NEWARK, N.J. The city of Newark Department of Child and Family Well-Being recently honored 27 nurses for their dedication and years of service to the department. We have nurses who have more than 47 years of nursing experience, with a combination of almost 600 years of nursing experience in our department, says Ann Sailsman, RN, C, MS, APRN, BC, DNP, director of public health nursing services.

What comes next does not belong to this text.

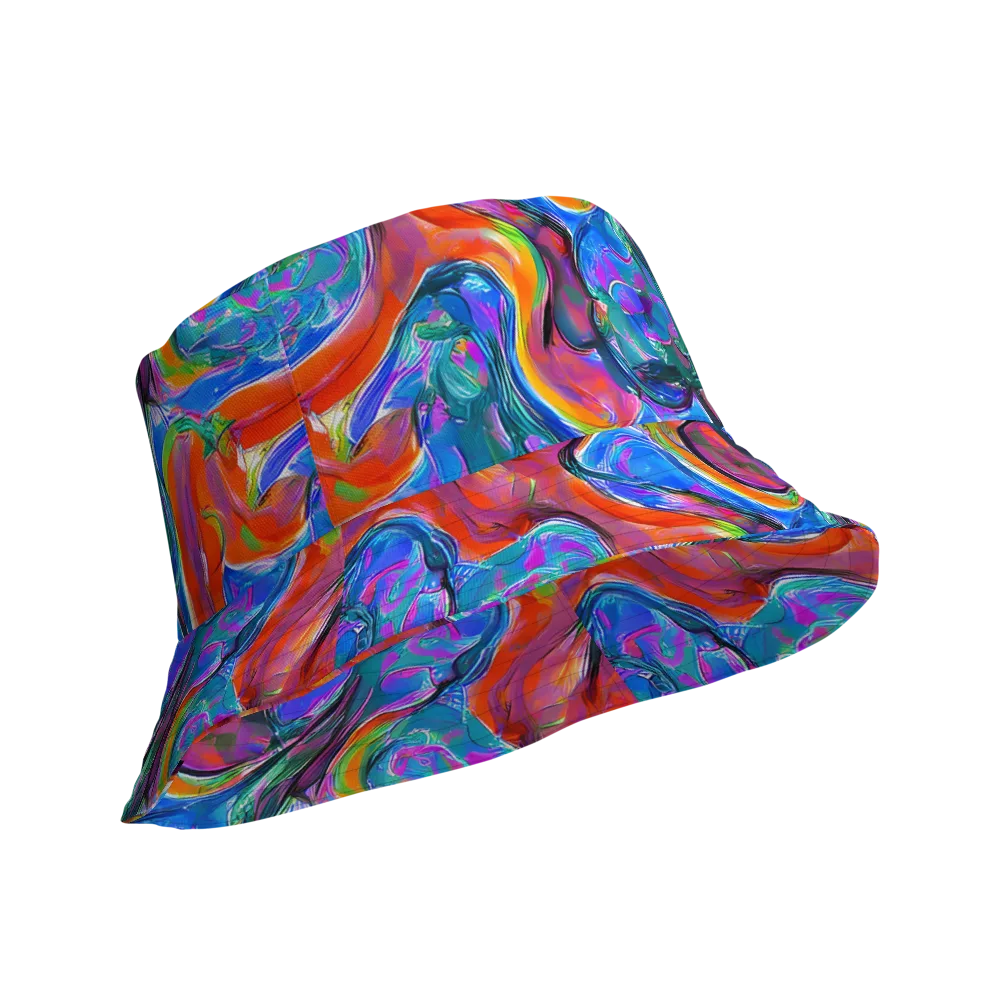 Liquid Spectrum on Reversible Bucket Hat — Product details Outside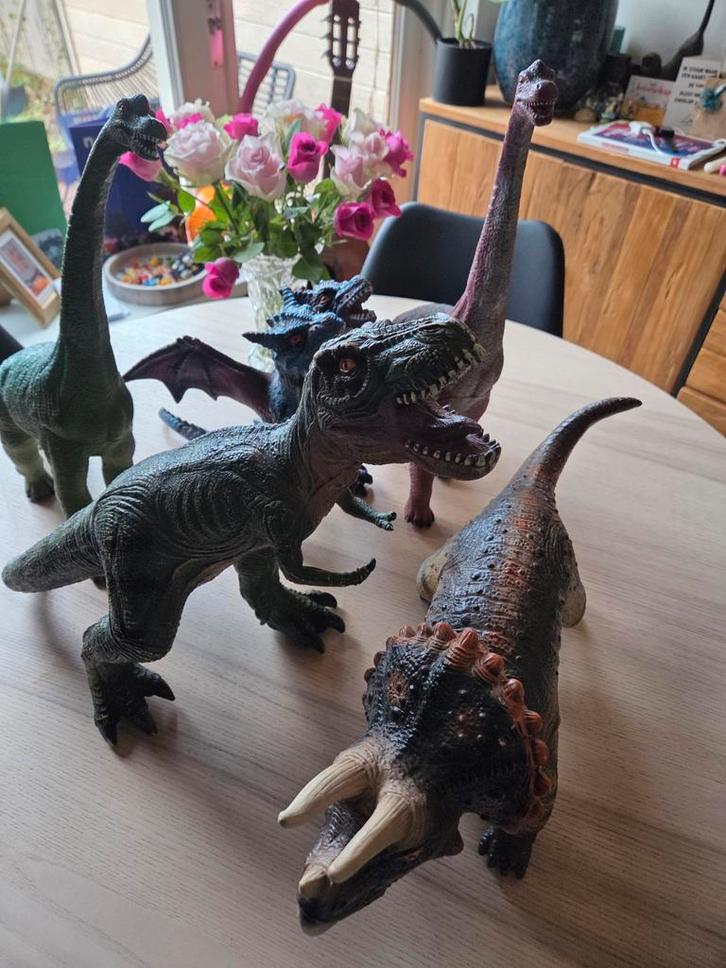 Speelgoed Dino's - Set van 5, Kinderen en Baby's, Speelgoed | Overig, Gebruikt, Jongen of Meisje, Ophalen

Fifteen nurses were recognized for more than 25 years of nursing service, 10 nurses were honored for one to 24 years of service, and two nurses were awarded pins for their first year in the department. Nurse of the Year was awarded to Mary Jones, RN, and the Teamwork Award was given to Judith Colbert, RN. Aishah Hakim, RN, was recognized for Excellence in Education and Roslyn Goodwin, RN, BSN, was given the Award for Nursing Excellence.New graduates who work for the Department of Child and Family Well-Being are (standing from left) Nekisha Balfow, RN; Joanne So, RN; Juanita Baca, RN; Jessica Williams, RN; and Eneida dePina, RN. They join Eileen Williamson, RN, vice president of Nursing Communications & Initiatives at Nursing Spectrum, and Ann Sailsman, RN, director of public health nursing services.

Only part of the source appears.